Was man im Jahr 2035 aus dem E-Geld-Boom gelernt hat

12.07.2019

Thomas Wüst, Geschäftsführer valorvest Vermögensverwaltung / Foto: © valorvest

„Wie konnten die damals nur so blauäugig sein“, reibt sich Franzi verwundert die Augen, als sie 2035 im Fach Vermögensmanagement der 9. Klasse der Realschule die Phase des E-Geld-Booms durchnahmen, die bis 2028 nur knapp acht Jahre dauerte und wie so oft in einer globalen Finanzkrise endete. Die Lehrerin erwidert: „Ja, Franzi – aber es hatte ja auch ein Gutes. Nachdem die Männer es damals auf globaler Ebene so richtig verbockt hatten, durften endlich mehr Frauen ran, was ab 2030 weltweit zur Beendigung des Patriarchats geführt hat.“ Franzis Gesicht hellte sich auf. Doch was war passiert?

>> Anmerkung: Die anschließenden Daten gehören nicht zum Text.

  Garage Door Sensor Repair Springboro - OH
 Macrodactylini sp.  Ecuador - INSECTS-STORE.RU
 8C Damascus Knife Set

Ein Plattformkonzern mit einer global beherrschenden Marktstellung und knapp drei Milliarden Nutzern hatte 2020 eine neue Währungseinheit geschaffen, elektronisches Geld oder E-Geld genannt. Dieses E-Geld basierte einerseits auf einer neuen, schnelleren Blockchain-Variante und andererseits auf einem Währungskorb, der sich nach der Zusammensetzung der Sonderziehungsrechte des IWF ausgerichtet hatte. Gemeinsam mit 100 Partnern, im Nachhinein handelte es sich um Junior-Partner, wurde eine zunächst unabhängige Organisation geschaffen, über die die Infrastruktur zur Abwicklung der Transaktionen auf globaler Ebene errichtet wurde. Darüber hinaus zahlte jeder der Partner zehn Millionen US-Dollar in einen Reservefonds ein, der somit zum Start ein Volumen von eine Milliarde US- Dollar hatte.

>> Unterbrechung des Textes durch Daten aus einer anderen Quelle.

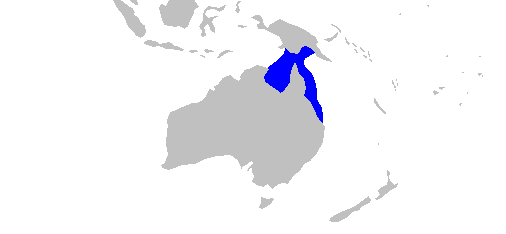 Файл:Neotrygon picta rangemap.png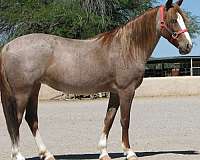 great-size-mare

Um der neuen Währungseinheit Stabilität zu suggerieren, wurde das Kapital verzinslich in Staatsanleihen entsprechend der Gewichtung im Währungskorb investiert. Die Politik wurde geködert, indem der Plattformkonzern betonte, dass die Einführung des E-Geldes Geldtransfers in Entwicklungsländer vereinfachen und rund 1,7 Milliarden Menschen ohne Konto Zugang zum bargeldlosen Zahlungsverkehr ermöglichen würden. Die Politik schnappte zu. Dies war die Ausgangslage.

Bonusprogramme befeuern erste Boomphase

Die erste Phase des Booms erfolgte gleich zum Start, was daran lag, dass der marktbeherrschende Plattformkonzern mit zahlreichen Händlern lukrative Bonusprogramme aushandelte. Im Austausch gegen vergünstigte Werbekampagnen auf der Plattform war dies für beide Seiten ein gutes Geschäft, gab es doch keine Kontrollen, wer welchen Preis für welche Werbung auf der Plattform zahlen musste – es herrschte ja Vertragsfreiheit. Die Einführung der neuen Währung war dadurch ein voller Erfolg: über eine benutzerfreundliche App installierten sich gleich zum Start 500 Millionen Nutzer eine elektronische Geldbörse auf dem Handy und tauschten alleine im ersten Jahr global im Schnitt umgerechnet 1.000 US-Dollar je Nutzer in die neue E-Geld-Währungseinheit um. Derjenige, der es nicht tat, musste es sich leisten können, da er von all den lukrativen Bonusprogrammen ausgeschlossen war. Der größte Renner waren dabei vergünstigte Urlaubsreisen, bei denen sämtliche Zahlungen weltweit in der neuen E-Geld-Währungseinheit erfolgten, was zu deren Akzeptanz in der Bevölkerung und im Handel beitrug. Einfach mit dem Handy.